Martin Hirzel, président de Swissmem
Le monde était en passe d’échapper au fléau de la pauvreté. Un des facteurs clés en était la globalisation qui s’est énormément intensifiée au cours des dernières décennies grâce aux importants progrès dans la logistique ainsi qu’au niveau des technologies de l’information et de la communication. Le libre-échange en constituait aussi un élément central. Il a considérablement simplifié l’échange international des biens. La suppression des droits de douane et d’autres obstacles a permis aux entreprises d’étendre leurs processus de production au-delà des frontières nationales dans quelques pays développés, ce qui a augmenté la productivité et les recettes dans les pays qui ont rejoint les chaînes de valeur ajoutée mondiales.
Le « World Development Report » de la Banque mondiale de 2020 confirme que les pays moins développés ont fortement profité de la multiplication des réseaux de production globaux. Depuis 1990, presque 1,1 milliard de personnes ont échappé à l’extrême pauvreté. Des classes moyennes ont pour la première fois vu le jour à de nombreux endroits. Cette incroyable dynamique, je l’ai vécue durant mes longs séjours en Asie et en Amérique du Sud.
Cependant, cette évolution a ralenti depuis 2007. Outre l’affaiblissement de l’économie mondiale, les conflits commerciaux et le protectionnisme croissant se mettent en travers de la globalisation. Le blocage de l’OMC a aussi contribué à ce ralentissement. À cela s’ajoute le fait qu’en particulier dans les sociétés occidentales, les critiques face à la globalisation ont augmenté. De plus, la pandémie de corona a dernièrement montré la fragilité des chaînes d’approvisionnement globales. Tout cela remet en question les gains en prospérité des dernières décennies. Il y a un risque que la pauvreté augmente à nouveau.
Toutefois, il n’est pas seulement question de prospérité qui s’estompe et de pauvreté qui croît. Le fait est que les pertes de prospérité compliquent la protection de l’environnement et du climat. En conséquence, surtout dans les régions les moins développées, les fonds pour investir dans des technologies écologiques font défaut. De plus, une récession économique donne plutôt lieu à des agitations sociales qu’à un comportement écologique - une situation que souvent les milieux critiques face à la globalisation et à l’écologie ne reconnaissent pas.
La paralysie de l’OMC a soulevé un problème supplémentaire. Elle complique la légitimité juridique des règles du commerce internationales. Par conséquent, le risque de discriminations politico-militaires croît pour les États commerciaux. Ce point concerne en particulier les petits États tels que la Suisse qui ne disposent pas de moyens politico-militaires.

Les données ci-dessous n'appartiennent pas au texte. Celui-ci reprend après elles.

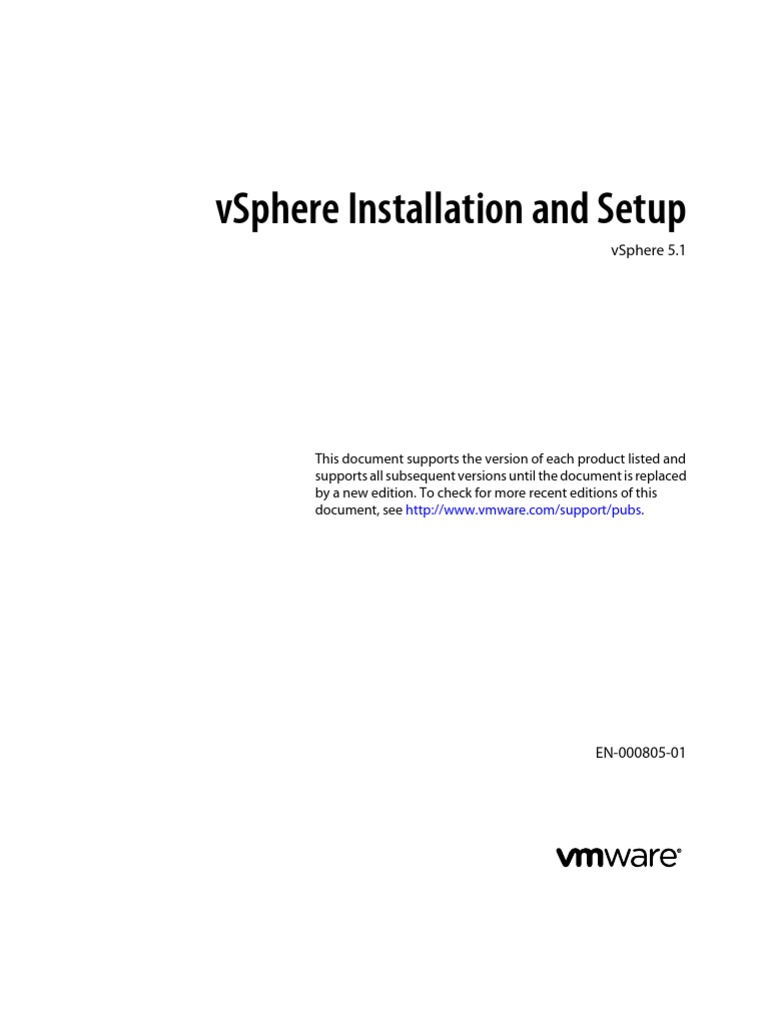 Vsphere Esxi Vcenter Server 51 Installation Setup Guide | PDF ...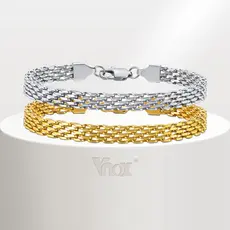 Vnox Pulseira Fashionable Aço Inoxidável Para Homens , De Malha Combina Com Tudo Ouro Luxuosa Mulheres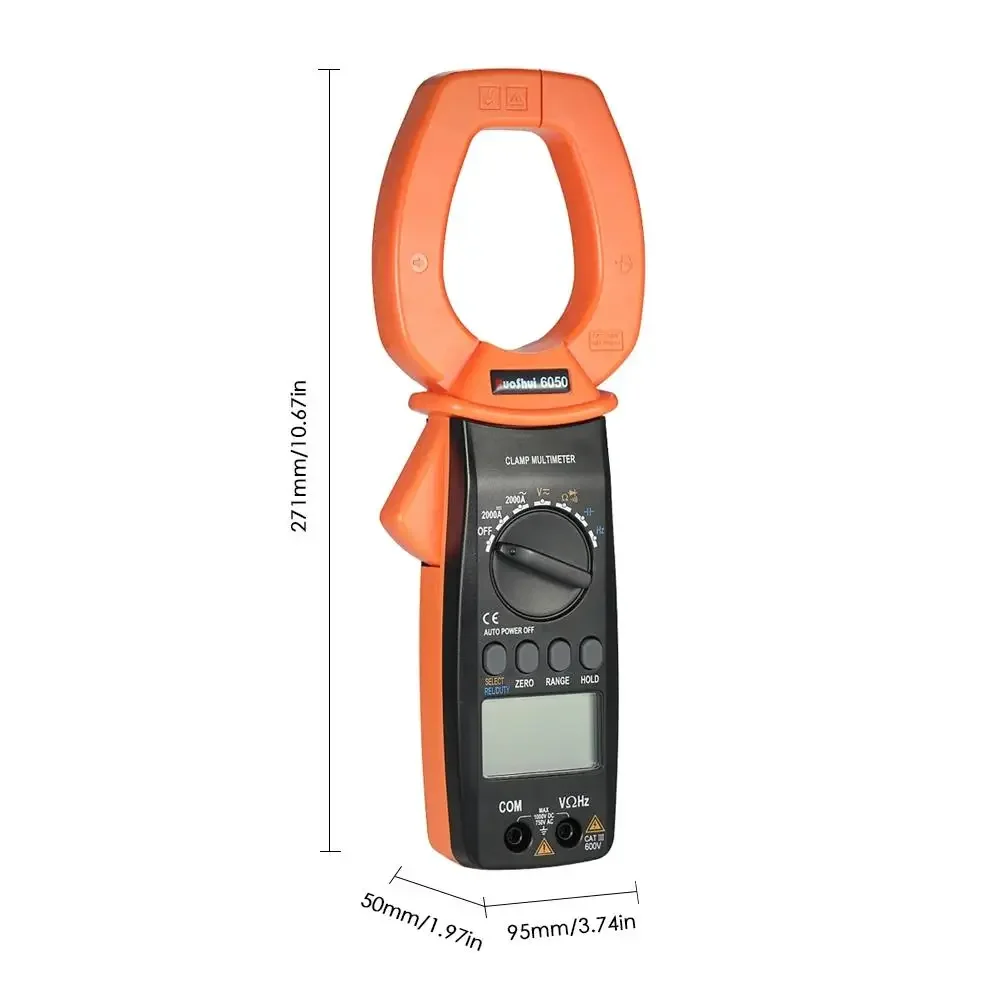 RuoShui 6050 디지털 클램프 계량기, 자동 범위 1000A AC/DC 더 큰 전류 전압 주파수 커패시턴스 다이오드 테스터 클램프 미터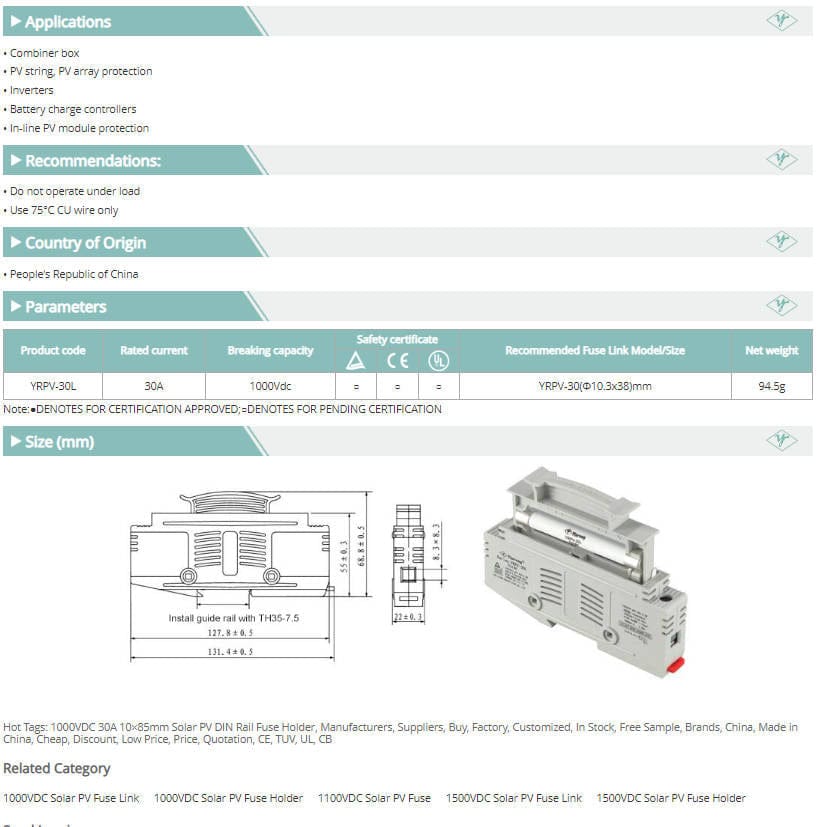 Yingrong Fuse Holders 5pcs Yingrong 30A 1000VDC 10x85mm DIN Rail Fuse Holders for Solar PV Systems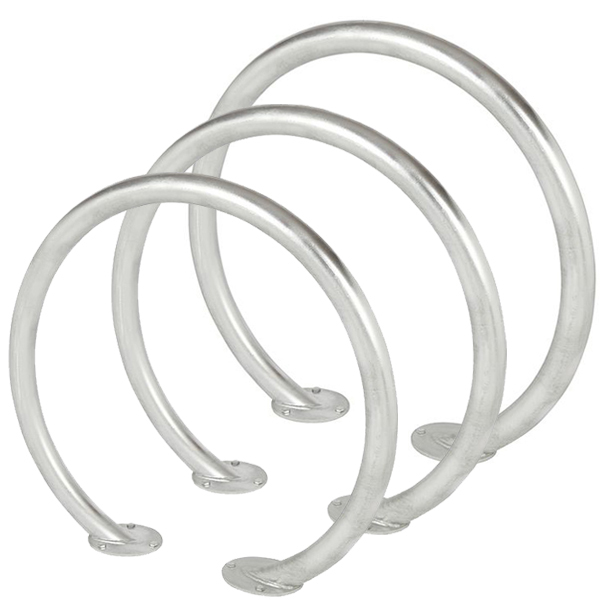 Circular Hooped Design Silver Bike Rack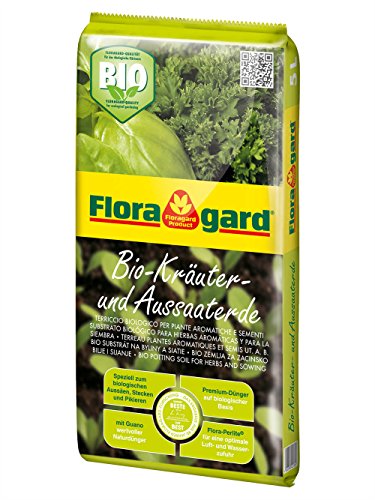 Floragard Bio Kräuter- und Aussaaterde 5 L • torfreduzierte Bio-Spezialerde • zum Aussäen, Stecken und Pikieren • für alle Kräuterarten • mit Perlite und Kompost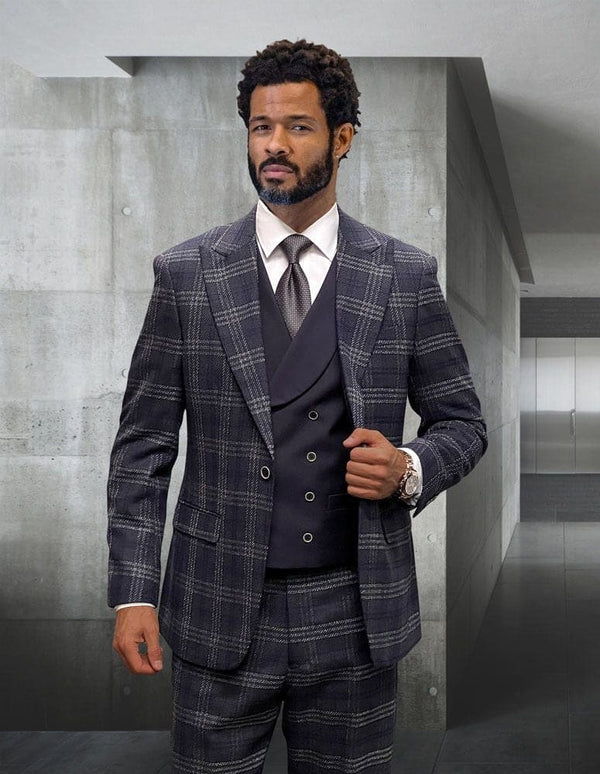 Statement ITALY Suit - Super 150's Wool Suit Statement Men's 3 Piece 100% Wool Fashion Suit - Plaid Pattern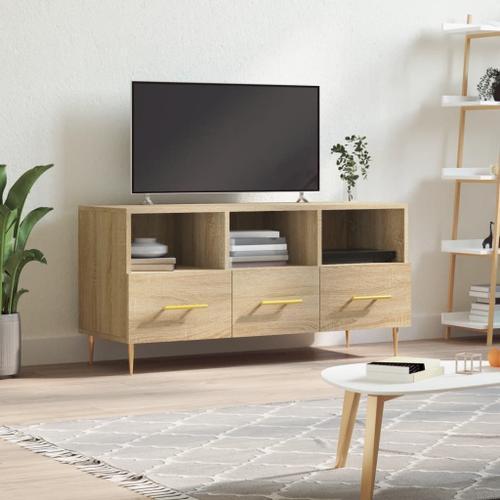 Vidaxl Meuble Tv Chêne Sonoma 102x36x50 Cm Bois D'ingénierie on Productcaster.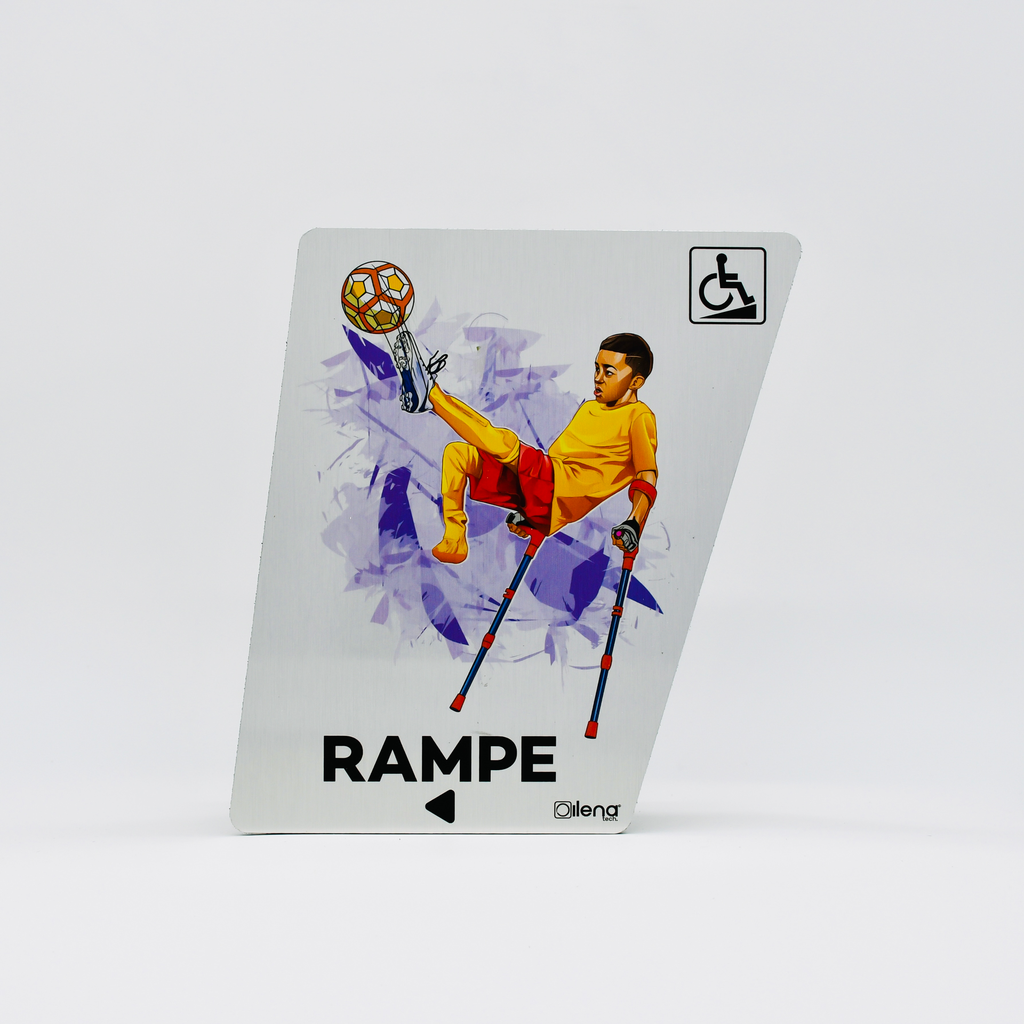 Panneau rampe gauche - PMR -handicap -Foot gris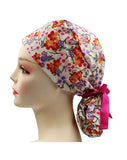 Japanese Floral Orange Ponytail Scrub Cap Doctor Theatre Nurse Hospital Paediatric Vet Surgical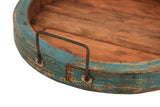 15" Natural And Turquoise Solid Wood Handmade Round Serving Tray With Handles - Homeroots - Flyclothing LLC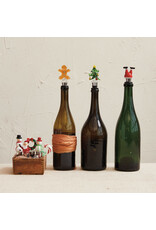 2"H Zinc Alloy Wine Stopper w Glass Holiday Icon, 8 Asst
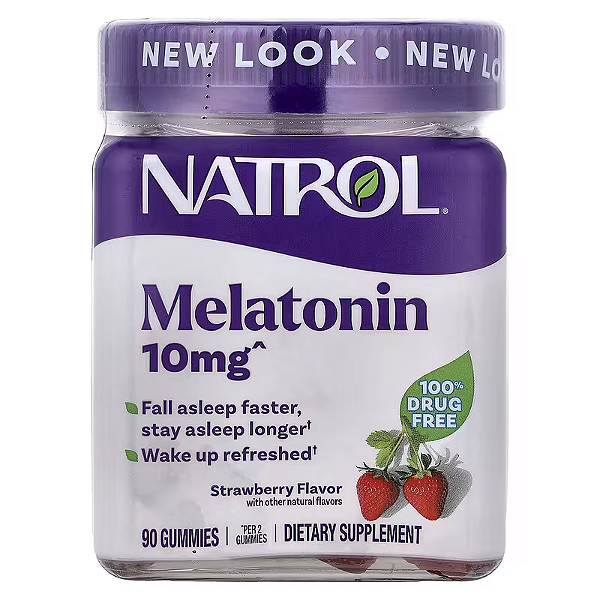 MELATONINA EM GOMA NATROL STRAWBERRY - 90 GUMMIES ADULTO 10mg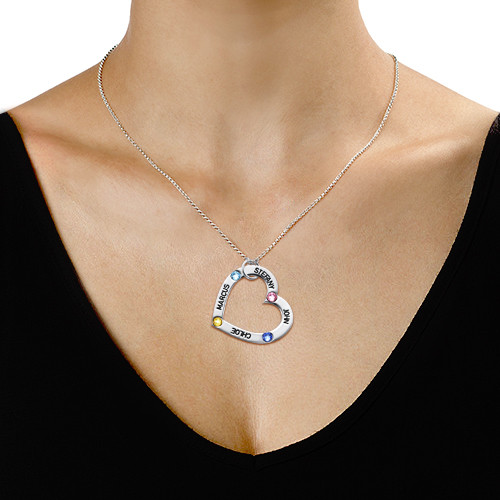 Mum's Birthstone Heart Necklace 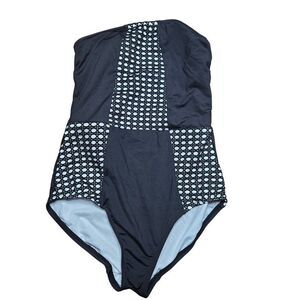 Cole Of California Strapless Black White One-Piece Swimsuit Geometric Pattern 6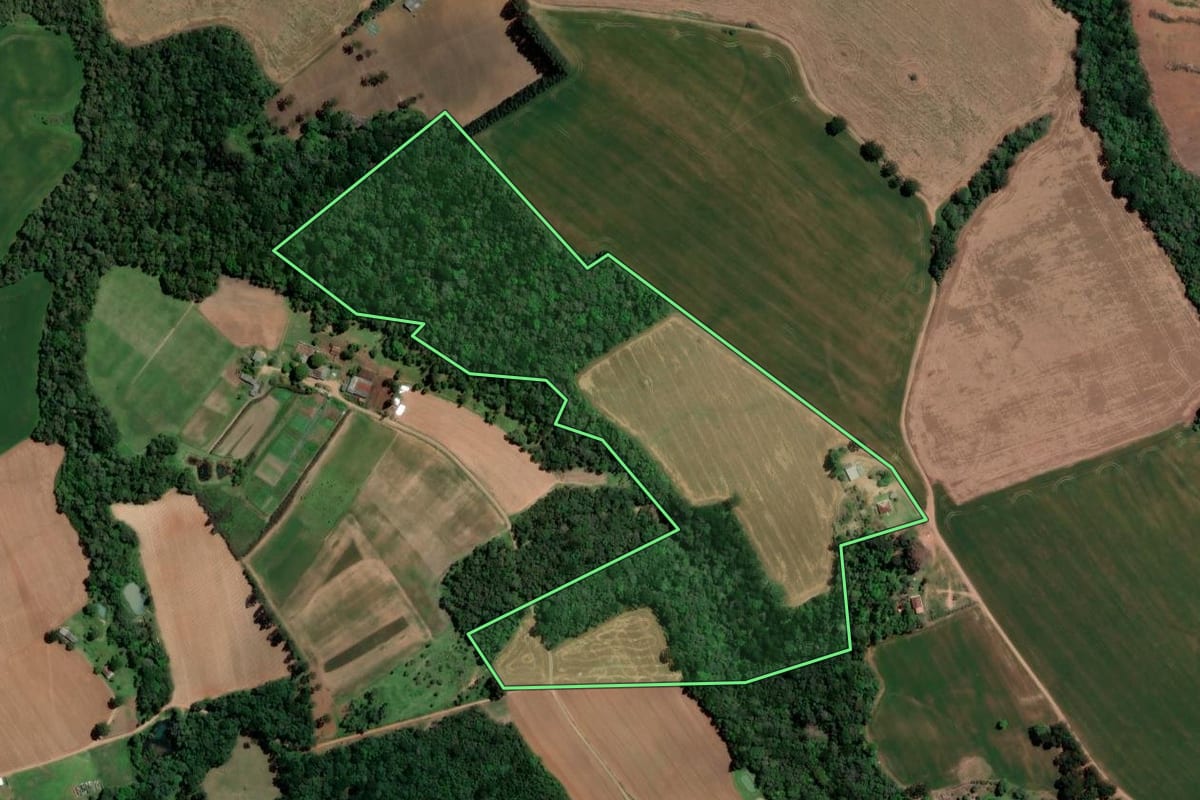 Imagem de satélite do imóvel rural em Ivaí (PR), com o contorno declarado no CAR desenhado por cima.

Il faut une renaissance du libre-échange. C’est décisif pour la Suisse car elle gagne un franc sur deux à l’étranger. Avec un taux d’exportation de 80%, l’importance des exportations pour l’industrie des machines, des équipements électriques et des métaux est encore plus marquée que dans de nombreuses autres branches. Le marché intérieur est tout simplement trop petit pour garantir la pérennité des entreprises industrielles et de leurs quelque 313 000 collaborateurs.